Question

A bacteria culture grows with a constant relative growth rate. After 2 hours there are 400 bacteria and after 8 hours the count is 50,000. a. Find the initial population b. Find an expression for the population after t hours.

Answer 1

Answer:

So, the initial population of the bacteria culture is 80.003 and the expression after t hours is P(t)=80.003 e^(0.8047\times t).

Step-by-step explanation:

Given:

A bacteria culture with constant relative rate.

No. of bacteria = $400$        Time ($t$) = $2$ hrs

No.of bacteria = $50,000$    Time ($t$) = 8 hrs

Here the growth is exponential.

Formula to be used.

• $P(t)=P_0e^k^t$ where $P(t)$ = Number of bacteria after time ($t$).

                                        $P_0$ = Initial population

According to the question.

$P(2)=P_0e^2^k=400$                 ...equation (i)

$P(8)=P_0e^8^k =50,000$            ...equation (ii)

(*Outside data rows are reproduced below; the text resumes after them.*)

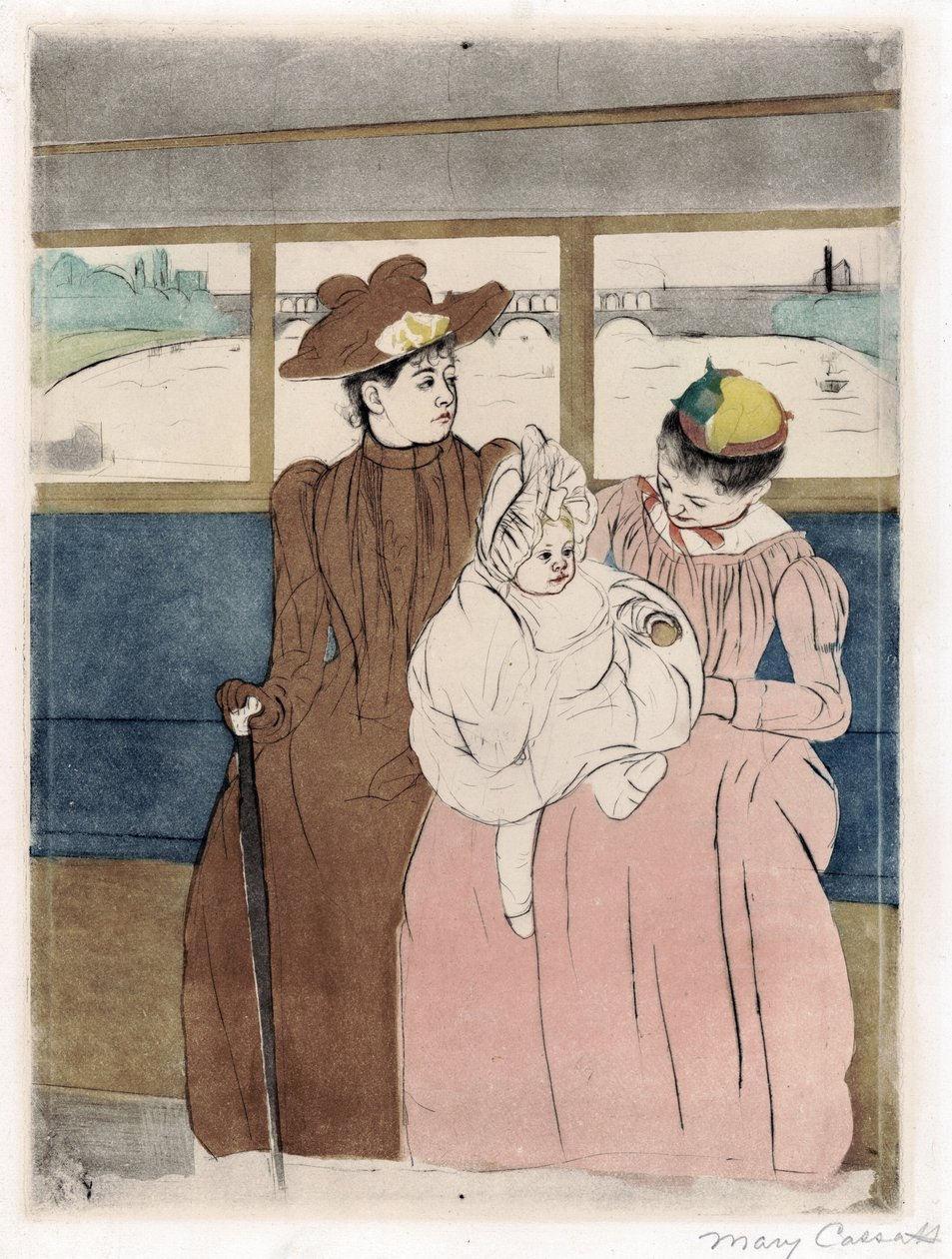 I omnibussen av Mary Stevenson Cassatt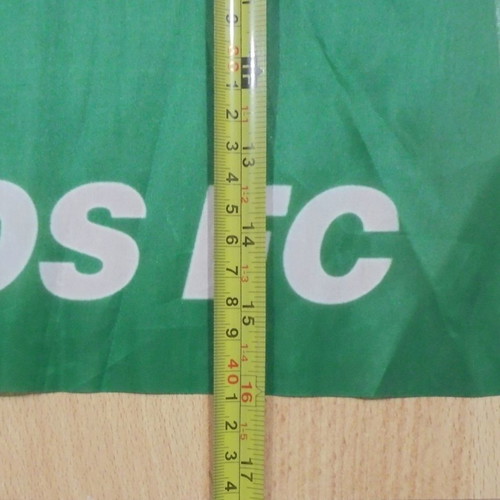 Panathinaikos FC advertising fabric flag used with plastic handle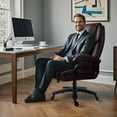 thumbnail image 3 of BOSSIN 500lbs Big and Tall Office Chair,Heavy Duty Computer Desk Chair with Adjustable Lumbar Support, 3 of 9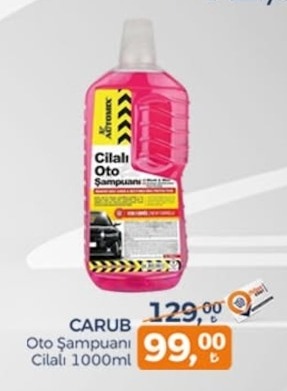 Carub Cilalı Oto Şampuanı 1000Ml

Dividing equation (ii) with (i)

⇒ $\frac{P_0e^8^k}{P_0e^2^k} =\frac{50,000}{400}$

⇒ $e^6^k=125$

⇒ $(e^k)^6=125$

Now using $\ln$ function both sides.

⇒ $\ln (e^k)^6=\ln(125)$

⇒ $6\ln(e^k)=\ln (125)$  using $\ln x^a=a\ln x$ rule

⇒ $\ln e^k=\frac{\ln 125}{6}$

And from logarithmic rule $\ln(e) = 1$

⇒ $k=\frac{\n 125}{6}$

⇒ $k=0.8047$

Now plugging this k value in any of the equation we can find the initial population.

a)

Then,

$P_0(e^0^.^8^0^4^7^\times ^2) = 400$

$P_0=80.003$

The initial population of the bacteria culture is 80.003

b)

Expression for the population after $t$ hours.

$P(t)=80.003\times e^0^.^8^0^4^7 ^(^t^)$

So, the initial population of the bacteria culture is 80.003 and the expression after t hours is P(t)=80.003 e^(0.8047\times t).